• [What you should do]:
Please copy every record below exactly, leaving out the pictures.

Records contained in a dataset:
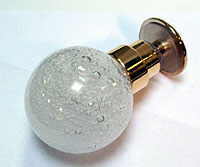 bouton de porte simple Ile de Brhat. Micro bulles incolore - Monture dore.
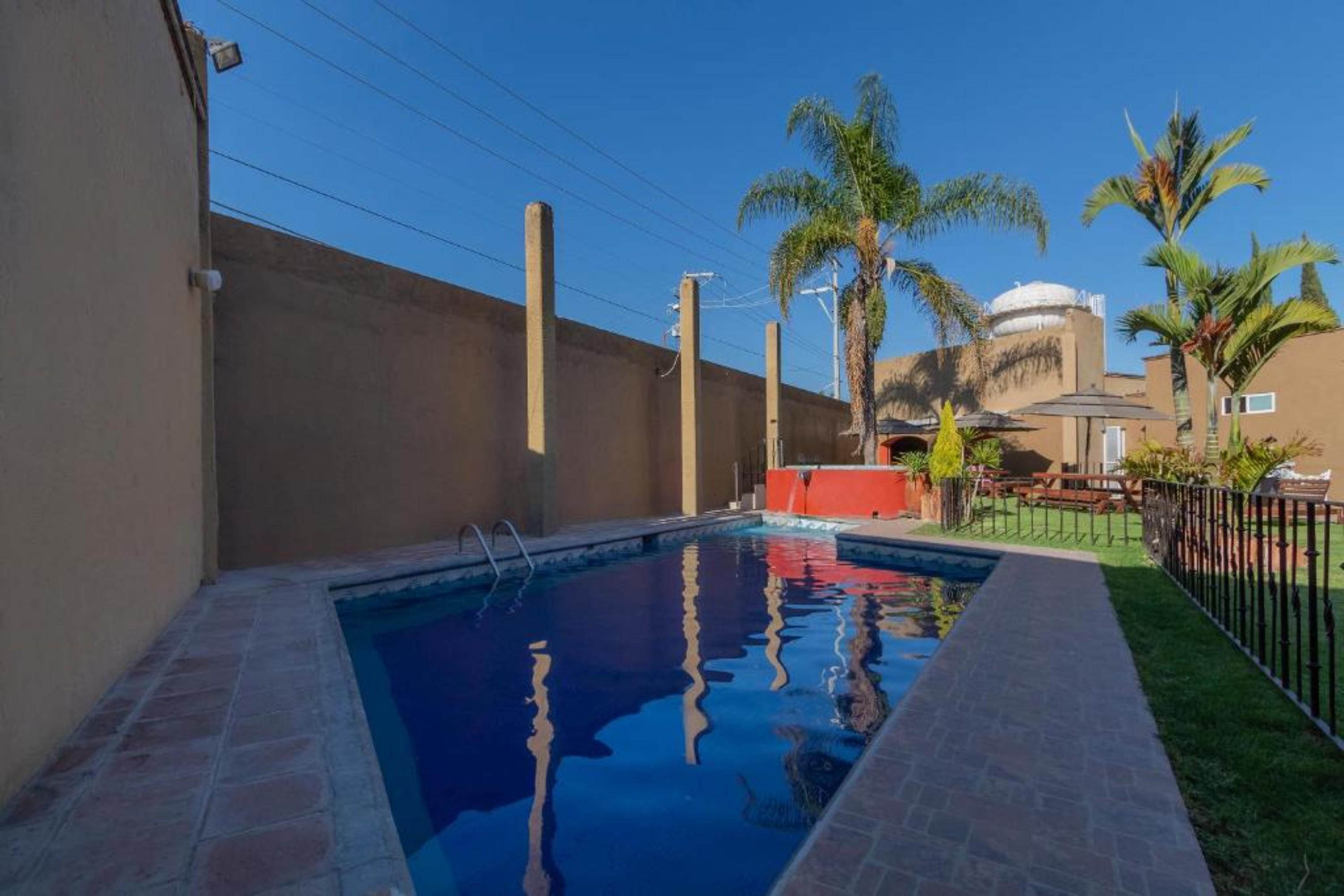 Vista Piscina Collection O Hotel La Huerta Golf & Hotel, Cholula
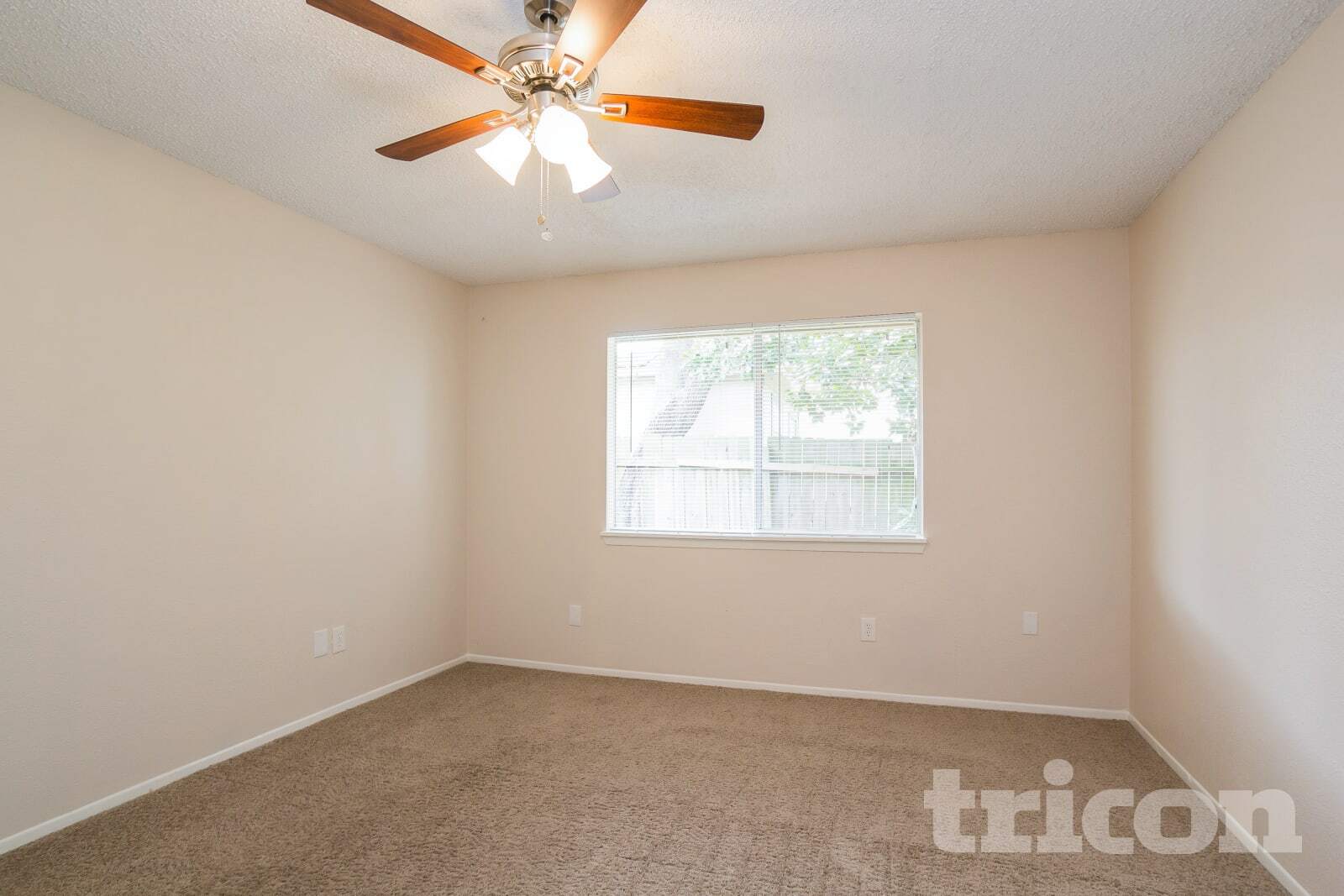 Building Photo - 6329 Porterway Dr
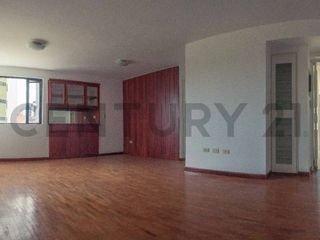 Foto 2 de En venta departamento con vista panorámica. El Batán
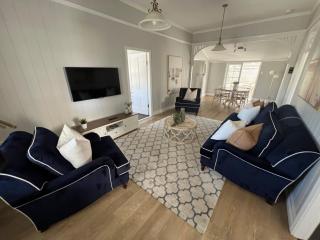 Bay Breeze Manor Grand 5BR Queenslander Haven - 2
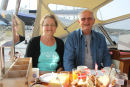 Vore gæster – Ulla og Svend Erik – havde bryllupsdag, mens de var ombord. Det blev fejret med flag m.m. fra morgenstunden.
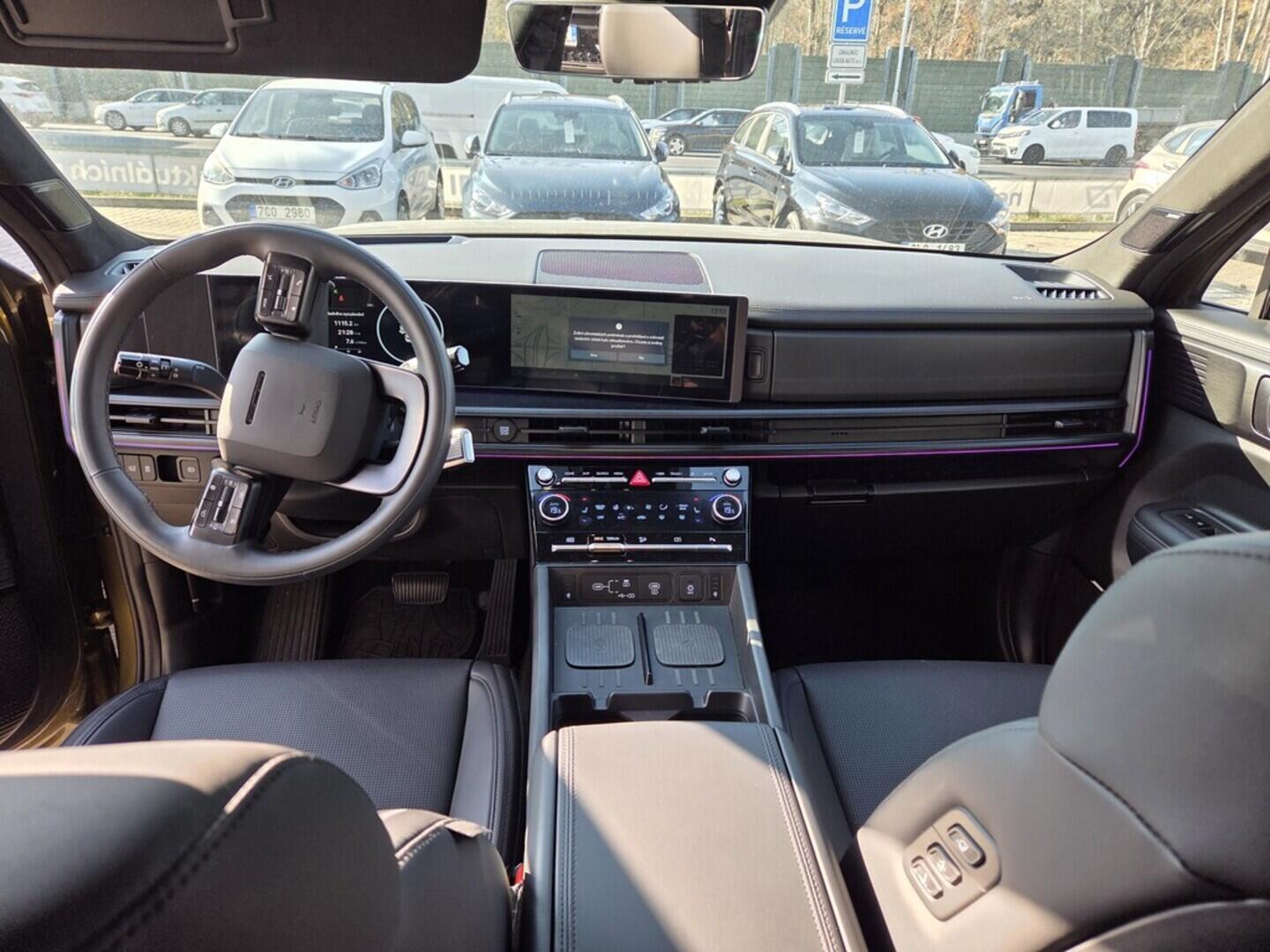 OC41002159_18.webp_SANTA FE HEV MX5 Calligraphy 1,6 T-GDI HEV 6míst  kW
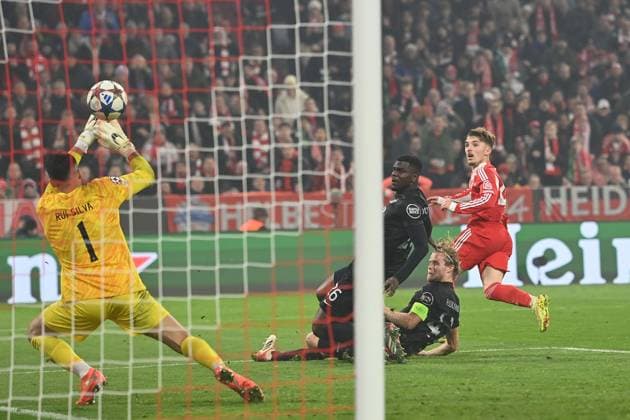 Tor Lennart KARL (Bayern Muenchen) zum 2-1,Aktio,Torschuss Fussball Champions League,Saison 2025 26, Ligaphase FC Bayern Muenchen - Sporting CP am 09.12..2025.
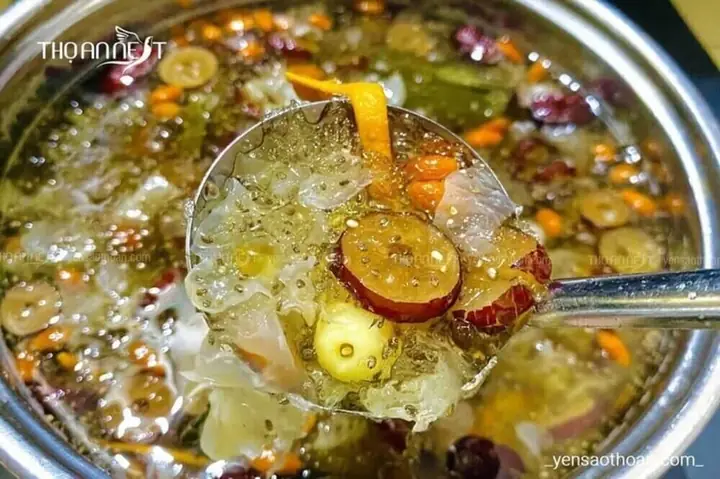 Hướng Dẫn Chi Tiết Cách Nấu Yến Sào Đúng Cách Tại Nhà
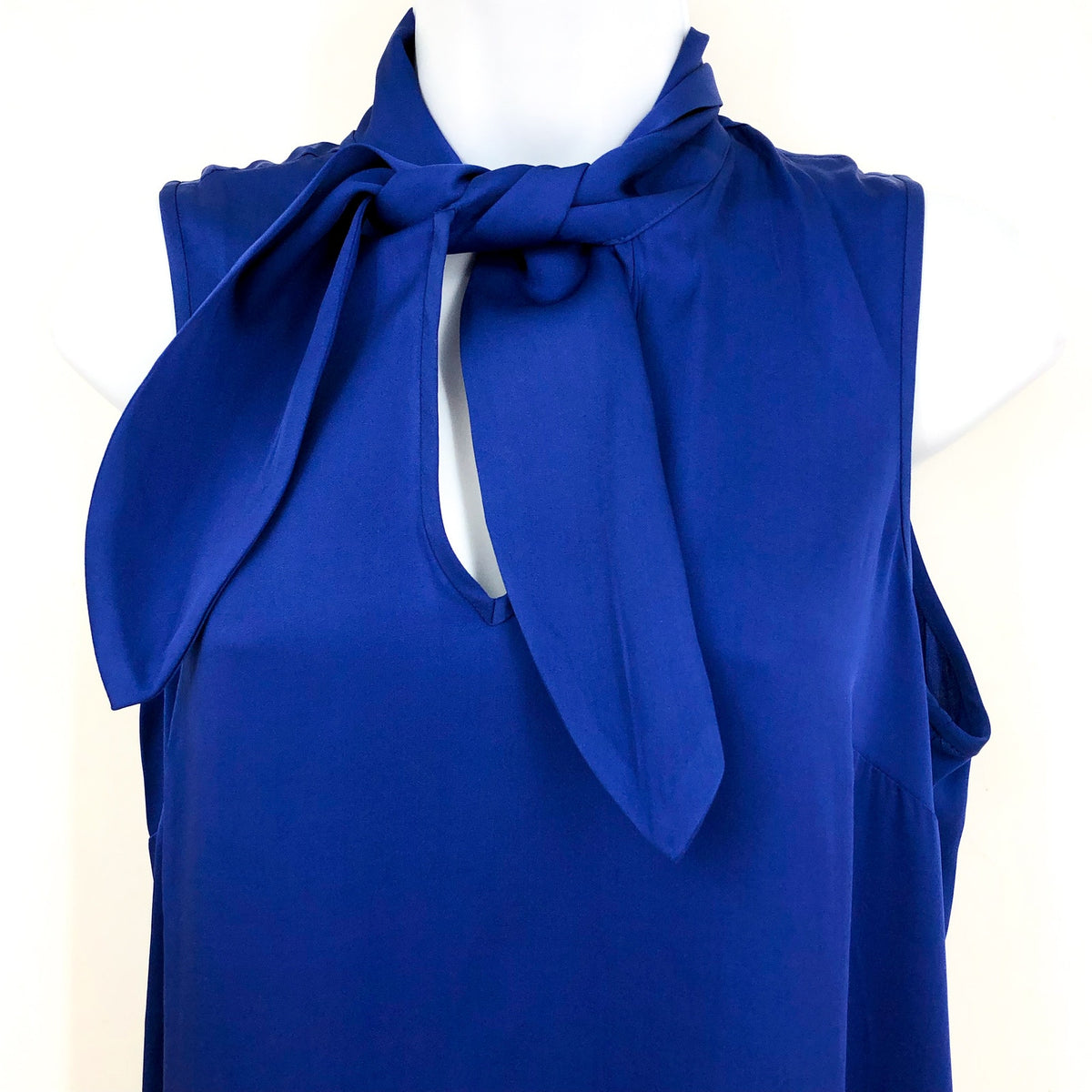 TRINA TURK Women's Mayra Top Medium Bengal Blue Silk Sleeveless Scarf Detail NWT
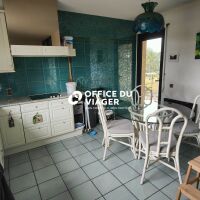 Maison - 6 pièces - 228,35 m²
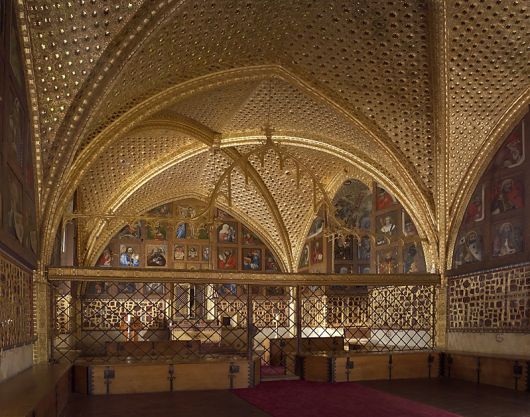 Prague: Karlštejn Castle Guided Tour with Entry Ticket - Entering the castle: what the 1-hour interior tour gives you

• [Response to the exercise]:
 bouton de porte simple Ile de Brhat. Micro bulles incolore - Monture dore.
 Vista Piscina Collection O Hotel La Huerta Golf & Hotel, Cholula
 Building Photo - 6329 Porterway Dr
 Foto 2 de En venta departamento con vista panorámica. El Batán
 Bay Breeze Manor Grand 5BR Queenslander Haven - 2
 Vore gæster – Ulla og Svend Erik – havde bryllupsdag, mens de var ombord. Det blev fejret med flag m.m. fra morgenstunden.
 OC41002159_18.webp_SANTA FE HEV MX5 Calligraphy 1,6 T-GDI HEV 6míst  kW
 Tor Lennart KARL (Bayern Muenchen) zum 2-1,Aktio,Torschuss Fussball Champions League,Saison 2025 26, Ligaphase FC Bayern Muenchen - Sporting CP am 09.12..2025.
 Hướng Dẫn Chi Tiết Cách Nấu Yến Sào Đúng Cách Tại Nhà
 TRINA TURK Women's Mayra Top Medium Bengal Blue Silk Sleeveless Scarf Detail NWT
 Maison - 6 pièces - 228,35 m²
 Prague: Karlštejn Castle Guided Tour with Entry Ticket - Entering the castle: what the 1-hour interior tour gives you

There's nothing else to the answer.